Technical Field
The subject matter described herein relates to visualizing data to facilitate identification and protection of sensitive data.
Description of Related Art
Modern day computer networks store numerous types of data, including sensitive data. Sensitive data contains information that could cause harm to individuals and businesses if compromised. Example types of sensitive data include health care records, financial data, and personal identification information. Because the consequences of exposing sensitive data are severe, network administrators apply one or more protection policies to the sensitive data as an additional layer of security beyond a database's standard protections.
Identifying sensitive data may be a challenge for a number of reasons. Within a computer network, databases store countless data records, which are incessantly modified, added, and deleted.

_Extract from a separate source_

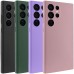 Чохол Silicone Cover Lakshmi Full Camera (AAA) для Samsung Galaxy S24 Ultra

To ensure that the locations of sensitive data are known, frequent scans may be used. However, frequent scans are not practical if the scans are computationally intensive, as a scan of each individual database record would be. Accordingly, computationally intensive scans the frequency of scans and the accuracy of the network administrator's sensitive data knowledge. Additionally, not all sensitive data records are of equal importance. A network administrator may not have time to examine every database in a network. When examining databases without prioritization, a network administrator may miss critical databases that present a high overall level of risk.
Furthermore, multiple databases may access sensitive data records. Protecting all copies of a data record may not be practical if the network administrator cannot directly apply protection policies to a database. For example, an external database controlled by another entity accesses a database containing sensitive data, to the network administrator cannot instruct the external database to apply the protection policy.